Não vou me alongar. Antes de jogarmos a primeira pedra nos jovens, que tal olharmos a nós mesmos naquilo que dizemos que neles está em falta?
Os tempos presentes são quem produz uma série de comportamentos culturais perversos, a que todos estamos imersos, e que só vamos lutar contra eles num processo de autonomia cultural que só a educação promove.
Por último, escuto gestores de minha geração dizendo que seus jovens funcionários não querem nada com o trabalho.
Mais uma vez, será? Conheço um monte que se dedicam muito mais do que os de minha idade. Um monte. Mas, será que o que estão em busca mesmo não é de um líder que os mobilizem, que neles desenvolvam o potencial humano. Será que não estão mais informados e críticos e sabem avaliar-nos rapidamente, até por comparações e outras referências a que têm acesso, conectados que estão?
Será o que todos estão buscando não é na verdade um sentido para suas vidas? E se frustrando, ao verem que lhes são negadas essas oportunidades? No trabalho, na escola, na sociedade...
Ou, verem no dia a dia suas expectativas sobre tudo dissiparem - como moinhos ao vento, numa sociedade escrava da ambição, na qual não há espaço para todos, que idolatra o shopping e que quem não consegue nele aderir sente-se marginalizado.
Será, será...
Escuto ao longe alguém me dizendo: É Ricardim, mas esses jovens vivem conectados virtualmente, e estão perdendo a chance de conectarem-se à vida real.
Serão só eles...?
Ou não será um fenômeno social da contemporaneidade, o aumento do individualismo, e baixa interação social real, embora estejam todos conectados – mesmo que à moda antiga, lendo jornais e livros?

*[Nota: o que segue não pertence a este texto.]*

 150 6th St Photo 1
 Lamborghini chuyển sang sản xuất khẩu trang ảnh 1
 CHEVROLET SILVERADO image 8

Quem pode atirar a primeira pedra?
Seria tão simples se pudéssemos botar tudo numa cômoda, e em gavetas ali classificar as pessoas.

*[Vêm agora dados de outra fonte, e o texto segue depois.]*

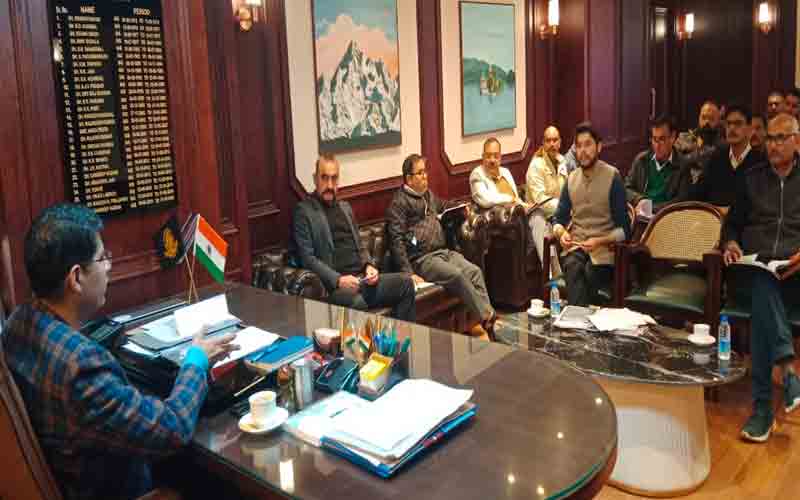 उपायुक्त ने सड़क सुरक्षा को लेकर संबंधित विभाग से की बैठक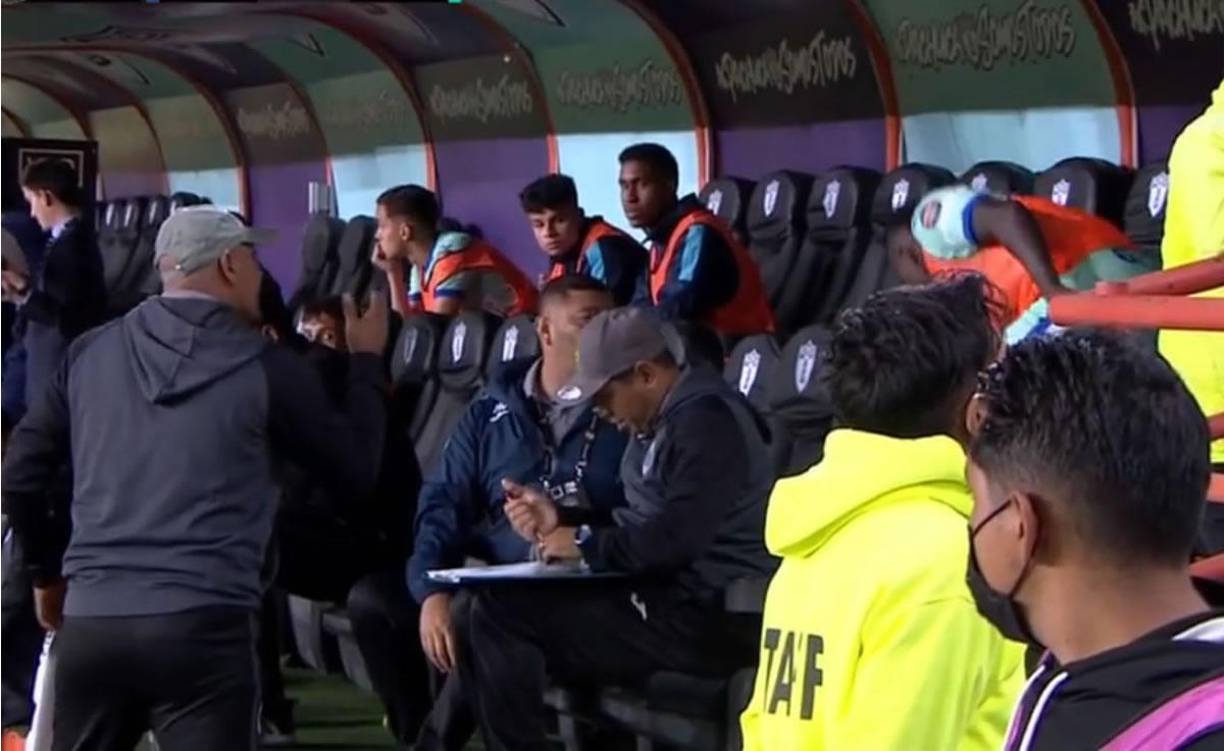 Ninrod Medina le dio una charla a Carlos Mejía antes de mandarlo al campo en lugar de Iván López.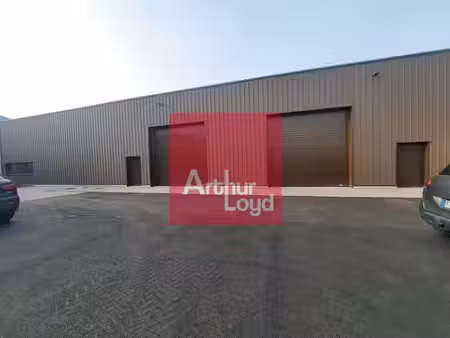 location entrepôt cournon-d’auvergne 63800 315m²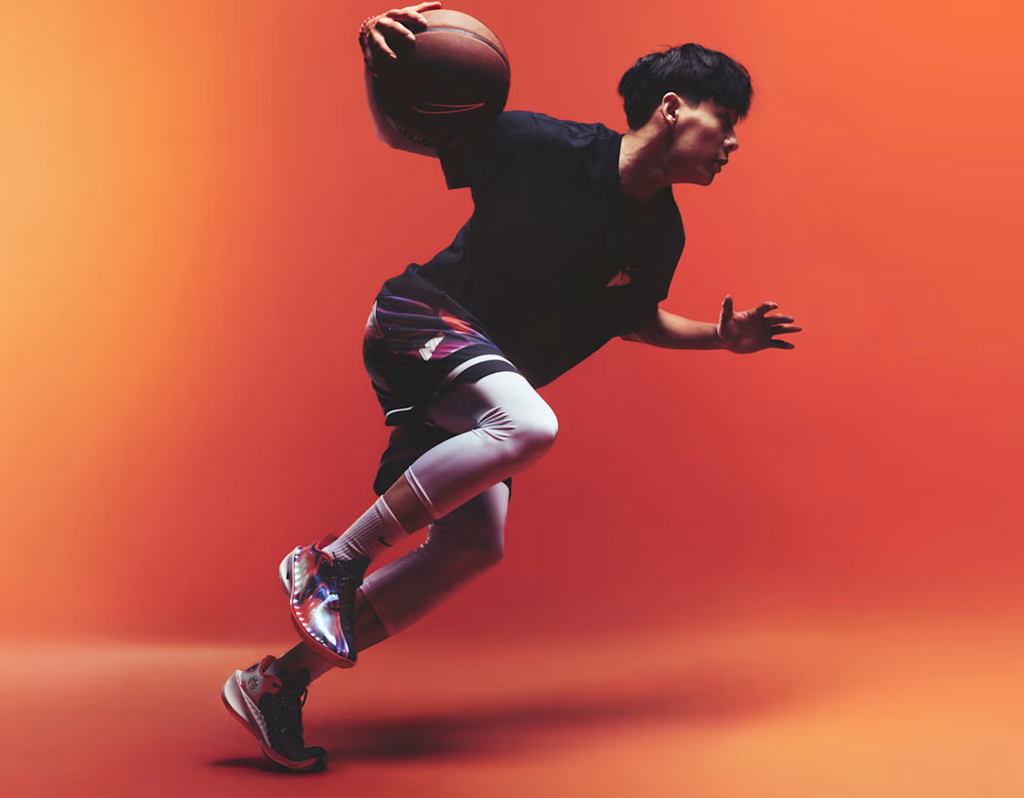 Alternative view of Giày Nike Air Zoom GT Cut 4 'Black' IU2030-084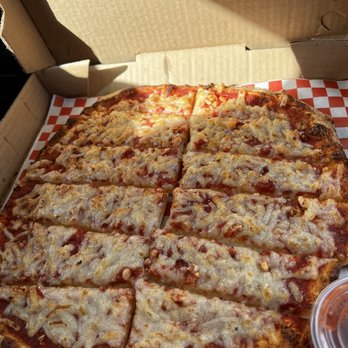 Pizza Twist - Vegan Cheese Garlic Breadsticks - Pizza Near Me - Sacramento, California Pizza Twist - Vegan Cheese Garlic Breadsticks - Pizza Near Me - Sacramento, California
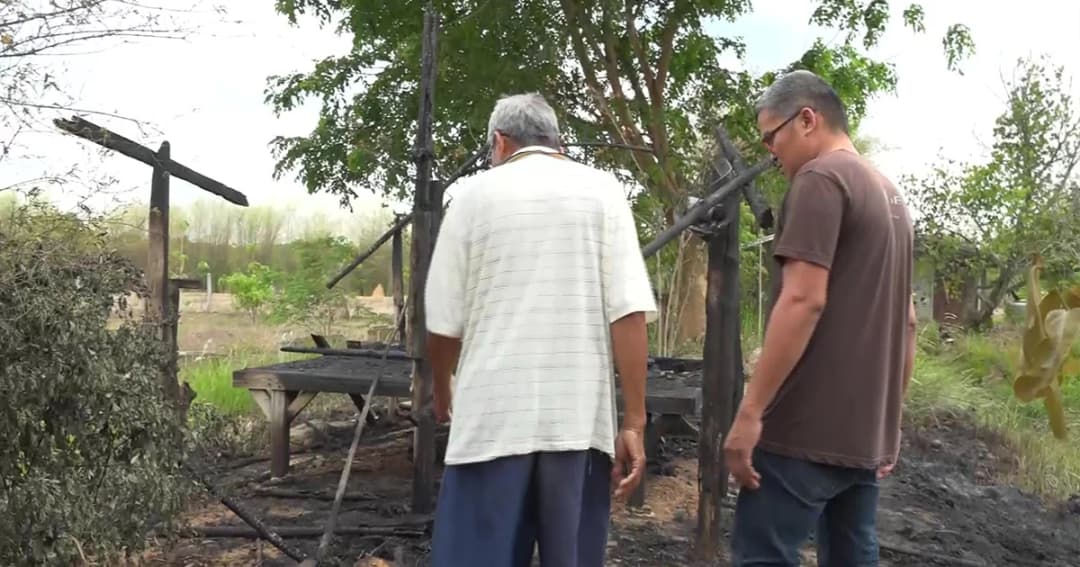 ตาวัย 70 โวยหลังเพื่อนบ้านเผาอ้อย ไฟลามคลอกหมาตาย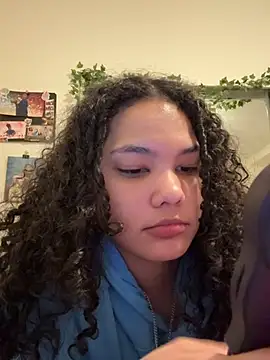 tastylolaaa webcam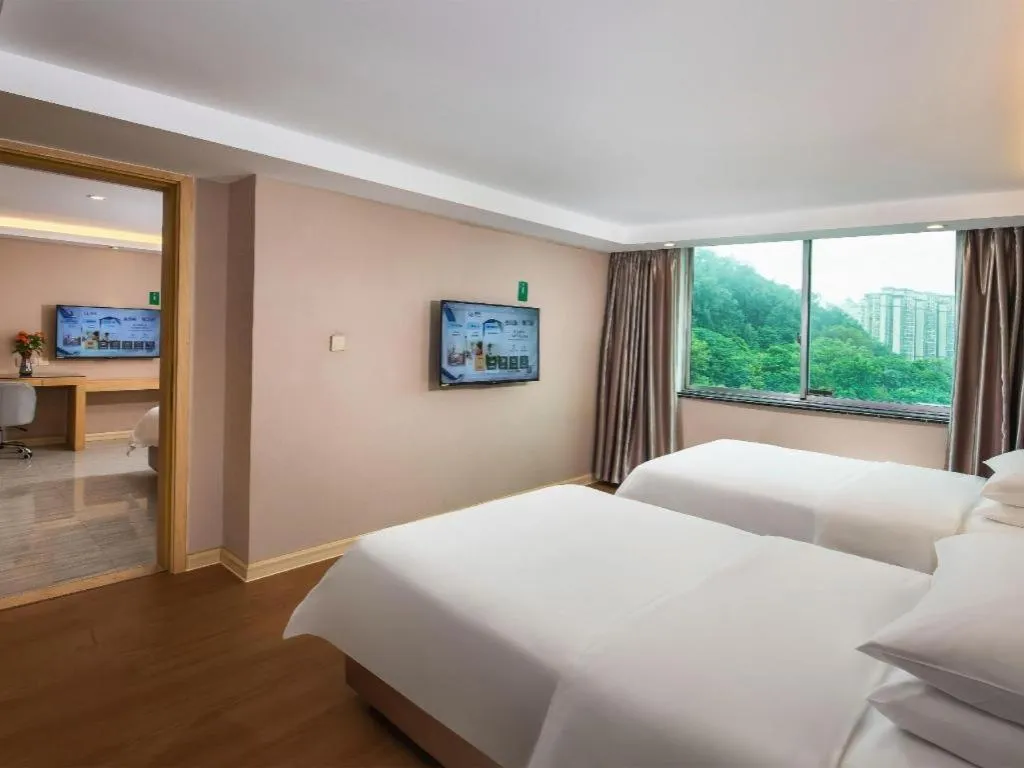 Bed in Venus International Hotel Guangdong Huizhou West Lake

Mas, com gente é diferente. Gente vaza pelas brechas dos móveis e se reinventa noutros armários quaisquer.
Gente é diferente, mesmo que nascida no mesmo ano, e no mesmo teto.

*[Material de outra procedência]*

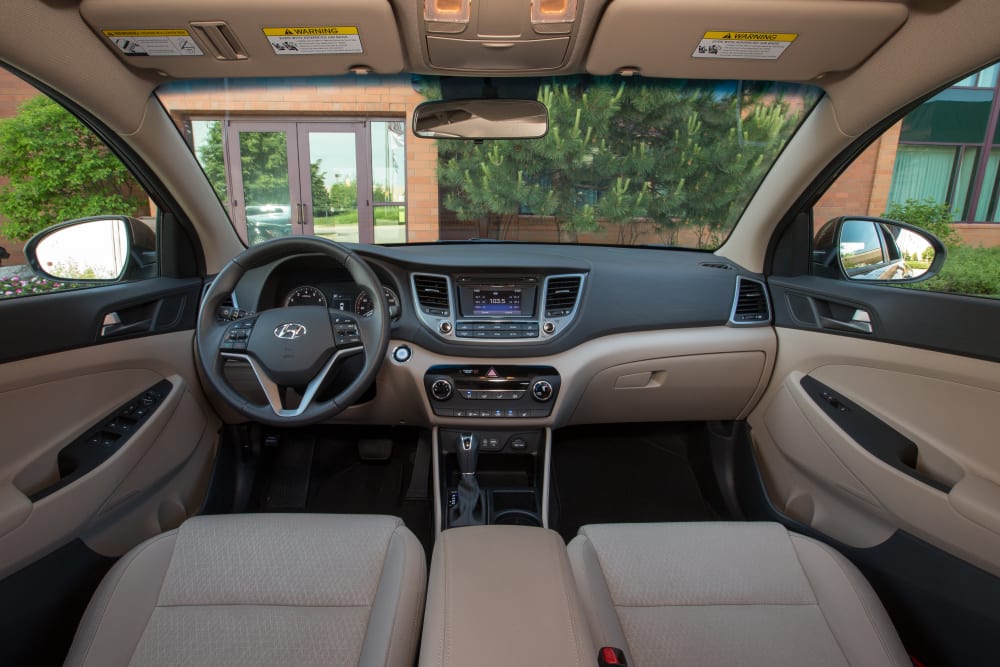 What's the Best Compact SUV of 2016? 17 What's the Best Compact SUV of 2016?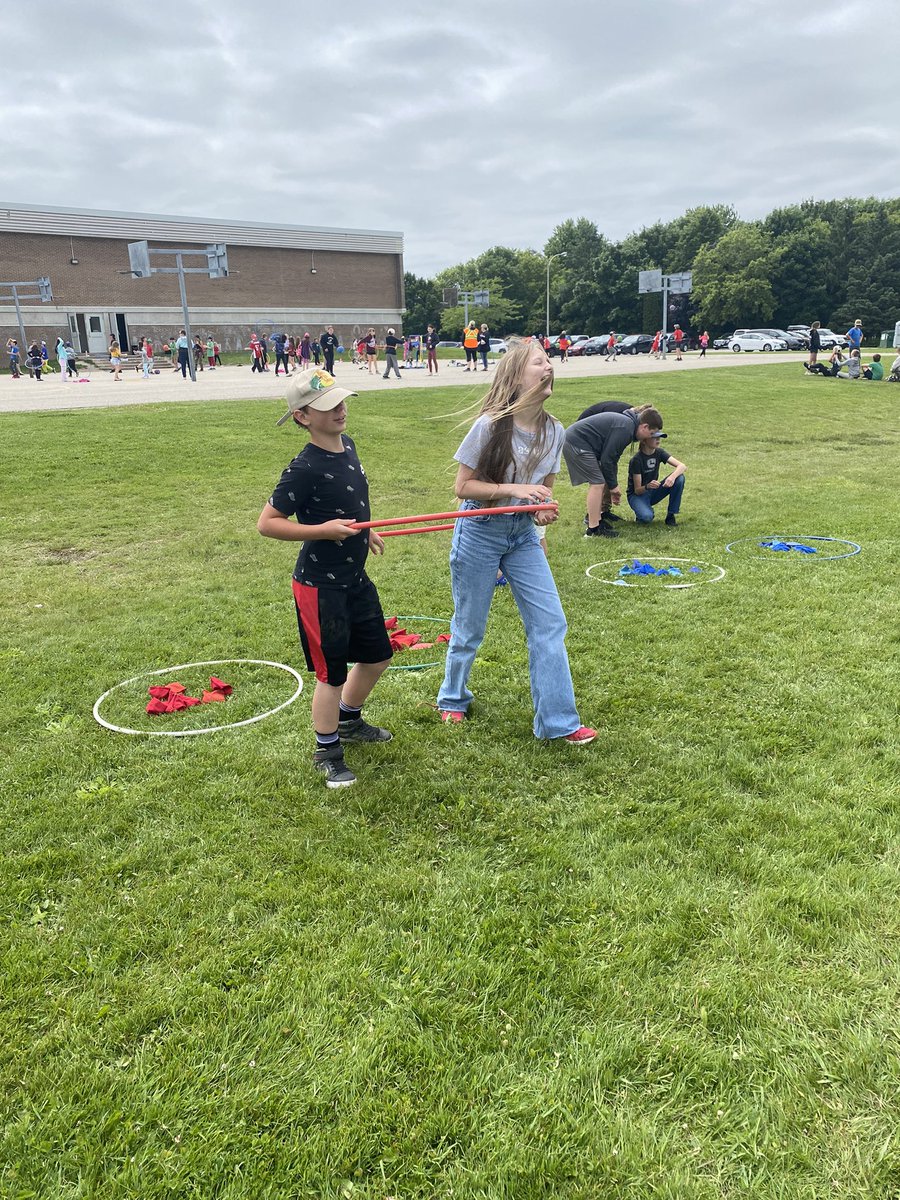 HorneUTES's tweet photo. We had a great time running the stations for our annual #JumpRopeForHeart fundraiser event. Wonderful way to get our heart pumping and being active. Great job 6B! https://t.co/DGGeoFILUS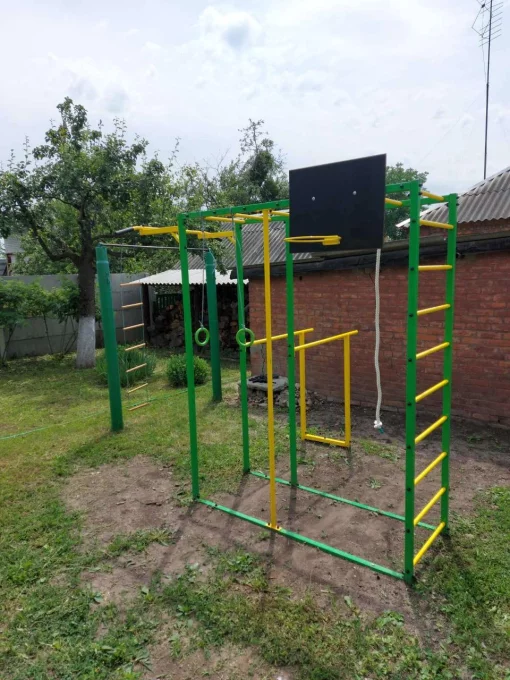 Вуличний спортивний комплекс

Ainda assim terá diferenças. Então, qual o porquê de tanto apelo por literatura desse tipo, que propaga uma forma de assédio - o assédio geracional?
Creio que aqui cabe trazer a teoria do bode expiatório. Precisamos deles - dos Y, para justificar, ou explicar, nossa falência como sociedade.
Simples assim.

Um comentário:

  1. Concordo com sua visão, do "bode expiatório" onde precisamos culpar alguém - e sempre o outro, menos nós - pelas mazelas que vemos, mas não aceitamos que criamos. Quando você propõe: "Ou não será um fenômeno social da contemporaneidade, o aumento do individualismo, e baixa interação social real, embora estejam todos conectados – mesmo que à moda antiga, lendo jornais e livros?" vejo que nós, os pais da tal caixinha chamada "Y" talvez tenhamos errado feio na forma como desenvolvemos nossas interações sociais com os de nossa idade e por conseguinte passamos isso aos nossos filhos. Escrevi sobre isso em dois textos em meu blog: "A hipocrisia do olhar e a má educação" e "As múmias contemporâneas da solidão". Nos impusemos (ou aceitamos) um estilo de vida convencidos pelo sistema e passamos adiante. A aversão de nossa geração aos "ipsilons" é o medo do deslocamento "do que vemos no que nos olha" pra citar Didi-Huberman. Grande abraço!